With the pictures left out, restate exactly the part below that opens with the line containing "Khăn Tắm Cotton" and closes with the line containing "Thickened Fleece Winter".

Given data:
◆ ◆ ◆ ◆

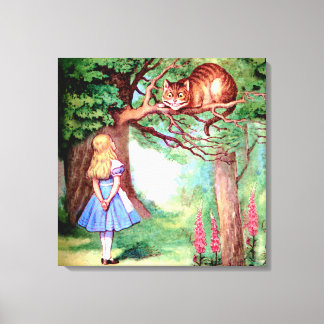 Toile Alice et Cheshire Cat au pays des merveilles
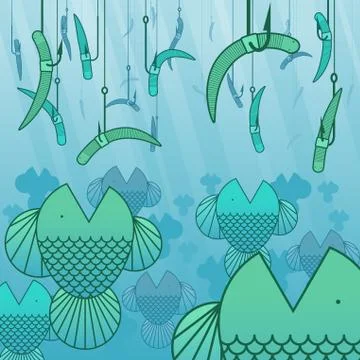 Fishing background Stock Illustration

◆ ◆ ◆ ◆

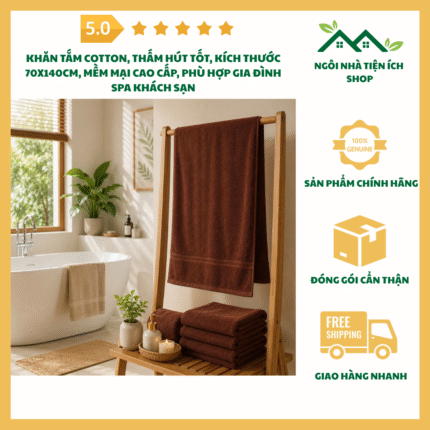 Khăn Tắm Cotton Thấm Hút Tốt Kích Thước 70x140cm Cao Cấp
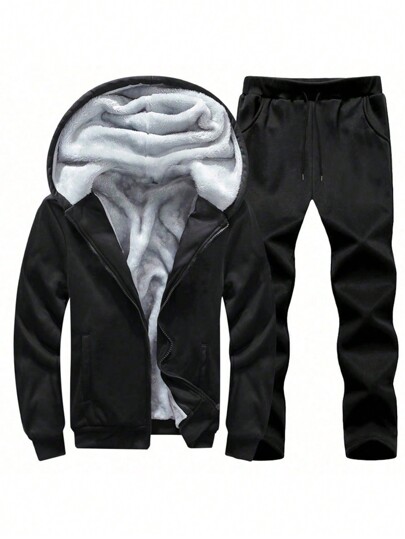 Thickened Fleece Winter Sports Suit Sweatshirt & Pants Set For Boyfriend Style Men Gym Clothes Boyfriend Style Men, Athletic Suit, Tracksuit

◆ ◆ ◆ ◆

Your solution:
 Khăn Tắm Cotton Thấm Hút Tốt Kích Thước 70x140cm Cao Cấp
 Thickened Fleece Winter Sports Suit Sweatshirt & Pants Set For Boyfriend Style Men Gym Clothes Boyfriend Style Men, Athletic Suit, Tracksuit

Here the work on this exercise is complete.